Mon mari est mon entraîneur à la maison et en concours. Il fait également plein d’autres choses à côté et est indispensable à ma réussite. Je tiens à le remercier car il s’investit énormément pour que j’y arrive, et il se met même parfois en retrait pour cela. Sinon, je m’entraîne aussi beaucoup toute seule. Je travaille grâce aux miroirs et aux vidéos, que j’analyse quand cela se passe moins bien avec un cheval.

Aujourd’hui, quelles sont vos ambitions sportives? 

Bien sûr, j’ai envie de participer aux Jeux olympiques et à de grosses échéances. J’ai Paris 2024 dans un coin de ma tête, mais ce n’est pas une surprise, il en va de même avec tous les athlètes. Aujourd’hui, mon objectif sportif est d’avoir la meilleure équitation possible avec les meilleurs chevaux possibles.

Quel est votre meilleur souvenir avec Lights of Londonderry?

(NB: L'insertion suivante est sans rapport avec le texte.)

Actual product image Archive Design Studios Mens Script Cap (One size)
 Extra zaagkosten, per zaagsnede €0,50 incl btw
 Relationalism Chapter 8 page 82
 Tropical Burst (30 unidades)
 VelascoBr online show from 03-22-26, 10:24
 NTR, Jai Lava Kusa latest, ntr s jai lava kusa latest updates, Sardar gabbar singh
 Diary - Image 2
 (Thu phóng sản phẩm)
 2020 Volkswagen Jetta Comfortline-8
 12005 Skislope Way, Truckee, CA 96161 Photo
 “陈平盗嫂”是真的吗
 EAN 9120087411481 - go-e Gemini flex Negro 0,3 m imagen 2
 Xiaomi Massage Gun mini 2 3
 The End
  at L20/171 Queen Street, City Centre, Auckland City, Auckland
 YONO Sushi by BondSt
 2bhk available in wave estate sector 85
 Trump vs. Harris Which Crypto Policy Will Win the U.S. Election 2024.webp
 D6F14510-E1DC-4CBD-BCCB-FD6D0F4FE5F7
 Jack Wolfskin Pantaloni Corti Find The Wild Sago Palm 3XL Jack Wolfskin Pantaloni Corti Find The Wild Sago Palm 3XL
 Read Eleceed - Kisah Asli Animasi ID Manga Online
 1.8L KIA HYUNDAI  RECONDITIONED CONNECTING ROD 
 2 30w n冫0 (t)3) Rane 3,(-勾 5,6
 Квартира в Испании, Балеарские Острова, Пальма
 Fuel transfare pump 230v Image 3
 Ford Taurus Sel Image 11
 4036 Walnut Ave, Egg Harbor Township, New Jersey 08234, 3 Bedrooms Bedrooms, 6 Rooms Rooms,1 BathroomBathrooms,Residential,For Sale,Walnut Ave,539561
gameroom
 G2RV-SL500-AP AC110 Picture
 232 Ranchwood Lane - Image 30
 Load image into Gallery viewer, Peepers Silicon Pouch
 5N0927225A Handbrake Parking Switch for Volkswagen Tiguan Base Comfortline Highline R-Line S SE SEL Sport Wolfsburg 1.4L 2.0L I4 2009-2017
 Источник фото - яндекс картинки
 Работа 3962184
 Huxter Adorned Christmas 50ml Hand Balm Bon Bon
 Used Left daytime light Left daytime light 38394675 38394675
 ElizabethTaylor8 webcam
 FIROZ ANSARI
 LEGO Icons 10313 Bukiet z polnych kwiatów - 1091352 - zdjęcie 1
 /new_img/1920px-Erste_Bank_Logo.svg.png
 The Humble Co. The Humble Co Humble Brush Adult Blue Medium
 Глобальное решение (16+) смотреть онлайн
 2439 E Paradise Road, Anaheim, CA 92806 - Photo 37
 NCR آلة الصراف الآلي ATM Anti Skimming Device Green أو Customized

Si je ne devais en donner qu’un seul, cela serait le jour de son arrivée! (Rires) Le jour où je suis allée le chercher en Allemagne est aussi un beau souvenir, et je remercie sa propriétaire Bernadette Brune. Après, il y a eu beaucoup de bons moments, comme la Reprise Libre en Musique à Geesteren (en juin 2019, le couple a terminé cinquième du CDIO 3* avec 75,070%, ndlr) et puis forcément le titre de champion de France. C’était quand même sympa, même si j’ai mis beaucoup de temps à réaliser la performance que cela représente. Il m’a fallu au moins trois ou quatre mois, jusqu’à l’hiver! C’était vraiment une réaction à retardement.